The Rhythm of Living
Did you know that there exists within your brain a particle called the “Suprachiasmatic nucleus”? It’s often referred to as your body’s Master Clock. It tells you when should hit the sack and also when to wake up.
The concept of Circadian Rhythm is more than just your body’s time clock. There are other mysteries in life that are related to the SCN that “Chronobiologists” are just beginning to understand. (And not). The power of suggestion is so strong it can often over-ride your SCN. For example, the SCN uses surrounding environmental conditions to tell you to wake up. The sunrise is a great example.
When I first started touring the U.S. I had trouble on the east coast having come from Pacific Standard Time. For me, waking at 6AM was like waking at 3AM. I soon learned that the natural way to not sleep through your wake up call was to leave the curtains open. Yes the Sun would wake me at 3AM PST if I needed to be up at 6AM EST.
Add the power of suggestion. I was told that if I had been drinking on that long flight from LAX to Logan, to take 2 Tylenol and tell myself that I was going to awaken at 6AM feeling refreshed and full of energy.
Although I quit drinking several years ago, I still use this if I have to wake at 3AM PST to catch a 6AM flight. But let’s go deeper into the SCN’s influence. A study was done about 40 years ago on young ladies in sororities. The results would make Esther Williams proud. In a house with 6 females, in time, they would all have synchronized menstrual cycles. Again, the theory of external ambience would alert the SCN that it was time to cleanse the uterus. Be it the subconscience smell of menstrual blood or the Tampon wrappers in the trash can.
The same function as the sun coming through the Hotel window would trigger a chronobiological response. Did you ever wonder why you could hold your bladder on a long car trip, but as soon as you got through the front door of your home, you practically had to reach down to hold your urethra shut? Your body knew the spot of urination was close.
Try explaining mutually synchronized orgasms. Try and explain the Pavlovian response to the smell of garlic, onions, oregano and Olive oil.
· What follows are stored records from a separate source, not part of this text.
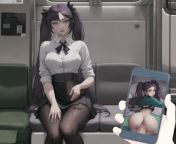 On the train with Mona [Genshin Impact] from mona genshin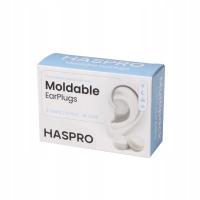 HASPRO Mold 6P TRN Formowane zatyczki do uszu - transparentne, 6 par
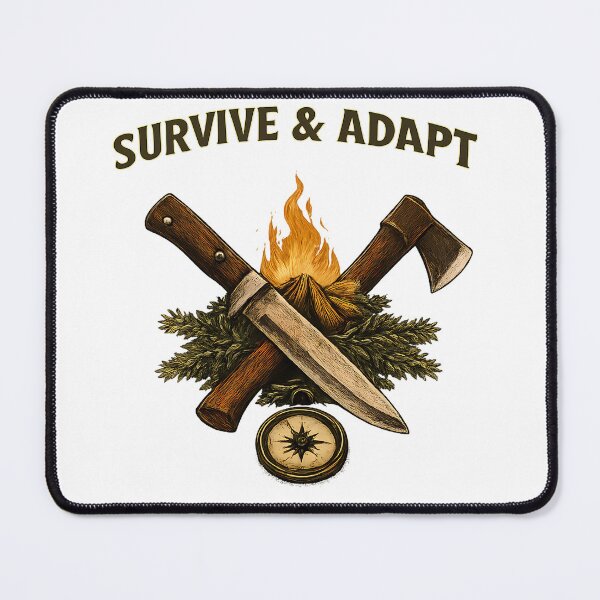 Item preview, SURVIVE & ADAPT designed and sold by Tactical Override.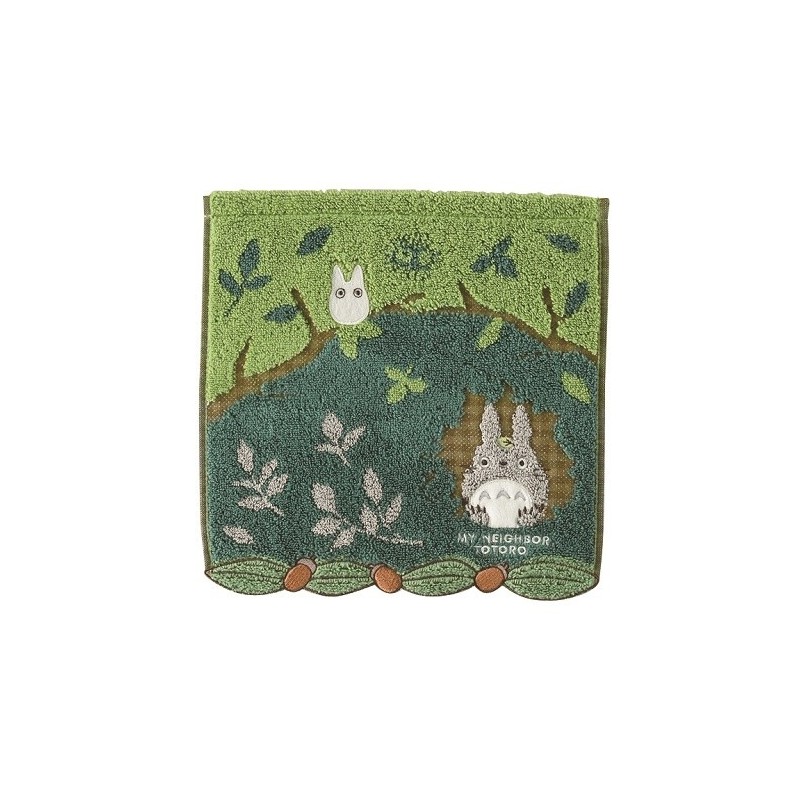 Household linen - Mini Towel Totoro Hiding in the tree 25x25 cm - My Neighbor Totoro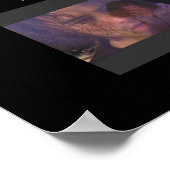 Donkere Melody met websites Poster (Hoek)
Finally, and I can’t begin to explain this last example. When spouses in long-term relationships or “LTRs” (I don’t know if they have to be close relationships, meaningful or just proximity) pass; the average time left for the surviving spouse is 2 – 9 years. It’s easy to understand that if we’re talking about a couple in their 70s, sure it’s not unusual for anyone to die in that decade of life. The problem is it happens earlier. (Sometimes in their 50s). I will admit 7 years is a long spread but most close LTR couples tend to pass on the 2 year end of the time period.
At this point in my life experience, I feel that we die when we are ready to die. When we lose a spouse or friend that we included in our daily lives, and they pass, it leaves us thinking we should go with them if we have no reason to continue living. Often when the other spouse continues past 9 years, we find that their work was their reason for living. This could be a reason why so many veterans with PTSD pull the plug on life. For that matter anyone who has had a life altering event. A beautiful model who had her face scared in an automobile accident and is no longer acceptable as a cover model falls victim to depression and then suicide. Much can be written about the many child stars that would grow up only to outgrow the cute 7 year old sitcom star. We see these young talents committing suicide as a result of feeling that their life has no purpose. They stop getting outside attention and lose that inner love for themselves. (Which turns to depression etc….)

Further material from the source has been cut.